Para o escritor Julián Fuks, em artigo publicado na revista Cult, “desde suas primeiras incursões literárias, em romances como Responso e Cicatrices, revelavam-se o domínio de linguagem e o ímpeto anticonvencional que se aliariam para alcançar o paroxismo ainda nessa fase incógnita, com o conto “La mayor” e os romances El limonero real e Ninguém nada nunca – entre os dez primeiros, o único publicado no Brasil”. Segundo a análise do brasileiro, utilizando “uma sintaxe cada vez mais intrincada e acurada em sua técnica, de um rol de imagens poéticas pelo que têm de ordinárias e concretas, o que Saer fez nessas obras foi afogar o leitor em uma extrema minúcia das descrições, no desmantelo de cada ação e de cada gesto. Era como se quisesse deter o tempo e captar o instante em seu caráter múltiplo e ínfimo, de modo que seus livros são o resultado desse embate constante contra a transitoriedade. Como seria de se esperar no império das leituras fáceis, sua obstinação foi relegada pelo mercado. Se Ninguém nada nunca pôde render a seu autor uma fama remota e discreta, entre aficionados e especialistas, foi mais por seu conteúdo político que refere de modo direto a ditadura argentina do que pelo radicalismo que o caracteriza”.

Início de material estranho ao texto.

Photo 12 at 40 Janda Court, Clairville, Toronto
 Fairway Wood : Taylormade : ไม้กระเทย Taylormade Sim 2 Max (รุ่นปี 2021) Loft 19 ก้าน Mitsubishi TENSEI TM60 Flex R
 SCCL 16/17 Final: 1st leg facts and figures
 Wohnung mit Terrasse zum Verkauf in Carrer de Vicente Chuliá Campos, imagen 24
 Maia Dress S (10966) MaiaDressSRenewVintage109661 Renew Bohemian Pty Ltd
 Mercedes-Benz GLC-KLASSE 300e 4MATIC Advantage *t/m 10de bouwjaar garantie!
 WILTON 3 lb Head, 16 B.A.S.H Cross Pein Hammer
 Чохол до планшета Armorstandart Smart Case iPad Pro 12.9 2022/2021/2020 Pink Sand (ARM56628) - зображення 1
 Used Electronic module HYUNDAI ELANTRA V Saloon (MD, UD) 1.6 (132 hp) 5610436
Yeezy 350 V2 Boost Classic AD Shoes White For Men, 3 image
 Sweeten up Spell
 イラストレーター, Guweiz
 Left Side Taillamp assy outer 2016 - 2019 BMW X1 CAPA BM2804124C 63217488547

Em outro artigo, escrito ao jornal Rascunho, Fúks resume: “Dizer do que trata esse romance é começar a traí-lo: essencialmente, Ninguém nada nunca nunca diz nada sobre ninguém. É no vazio de sentido das pós-vanguardas, na descrença que se erigiu em relação a qualquer representatividade, que se insere essa obra fundamental do argentino Juan José Saer. […] Cedamos à traição: selecionam quatro dias no transcurso infinito do tempo, circunscrevem o espaço às margens de um rio num moroso povoado do norte argentino, e põem-se a minuciar a múltiplas vozes e vistas os pormenores materiais da existência. Uma existência sufocante em que tudo é tensão e iminência, sem que no entanto se saiba de quê. Com o mesmo espanto compartilhado, os leitores acompanham essa poética tão bela e tão própria, e esse espanto diante do inusitado e do improvável — muito mais do que a trama — é o que conduz o leitor até o desfecho, ou até a diluição final”.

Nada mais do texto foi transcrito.